■ **EXERCISE BRIEF**
Among the entries that follow, locate the line with "Cover for Ere" and the line with "Davina Black Sculpture". Output those lines and all lines in between, exactly, minus the pictures.

■ **RAW DATA**
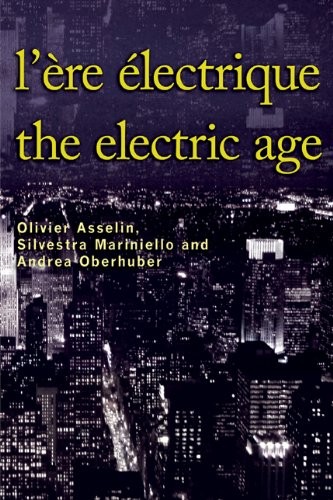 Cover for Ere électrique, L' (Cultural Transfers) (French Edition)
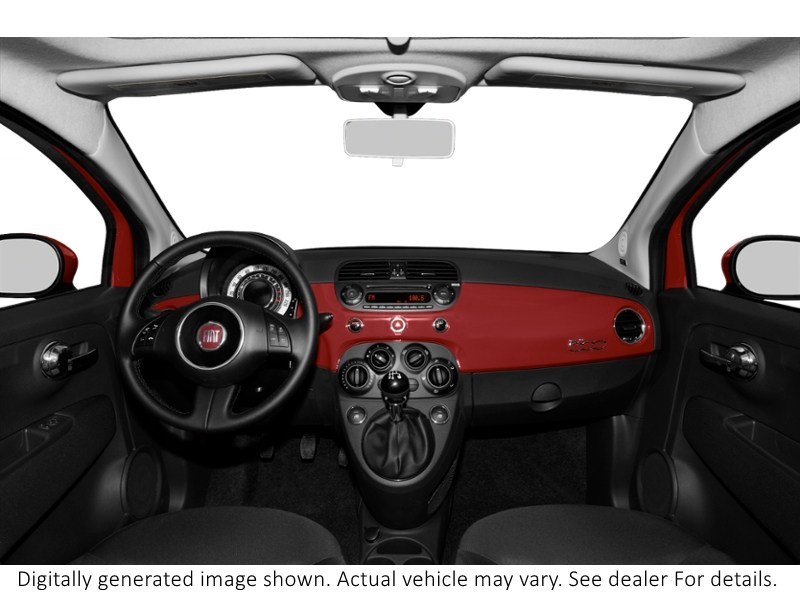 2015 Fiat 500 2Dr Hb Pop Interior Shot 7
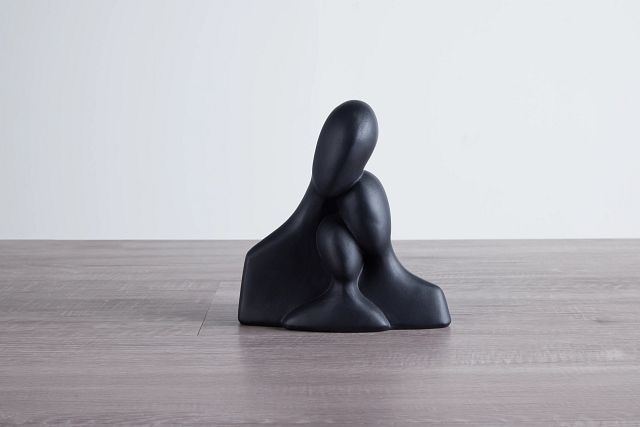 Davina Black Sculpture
==
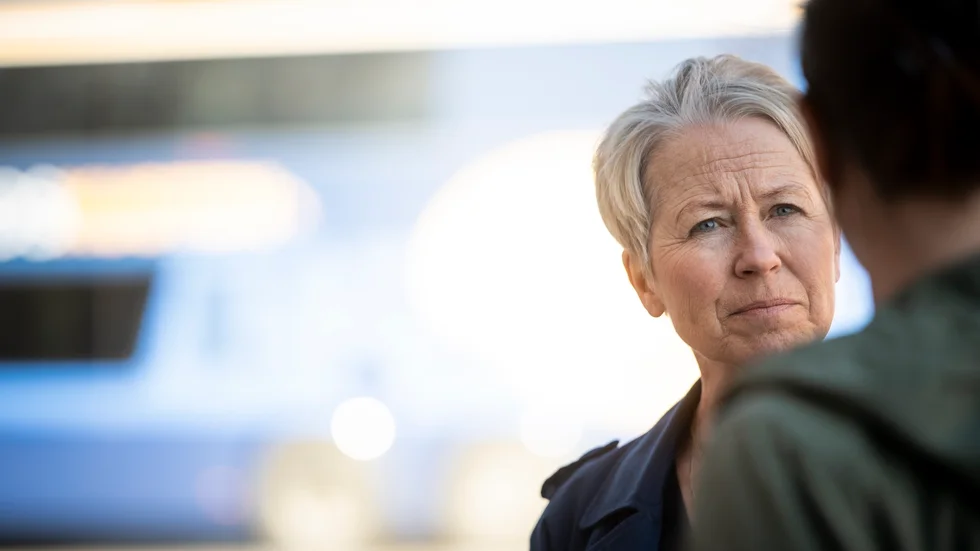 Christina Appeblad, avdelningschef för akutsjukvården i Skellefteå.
==
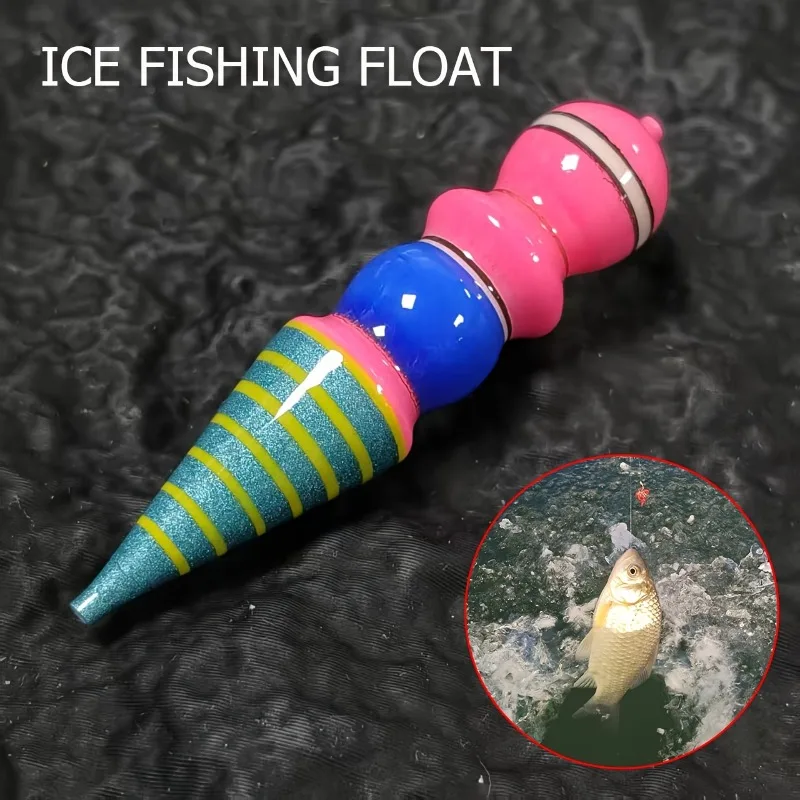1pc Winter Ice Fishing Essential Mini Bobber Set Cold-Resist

■ **OUTPUT FOR THIS TASK**
 Cover for Ere électrique, L' (Cultural Transfers) (French Edition)
 2015 Fiat 500 2Dr Hb Pop Interior Shot 7
 Davina Black Sculpture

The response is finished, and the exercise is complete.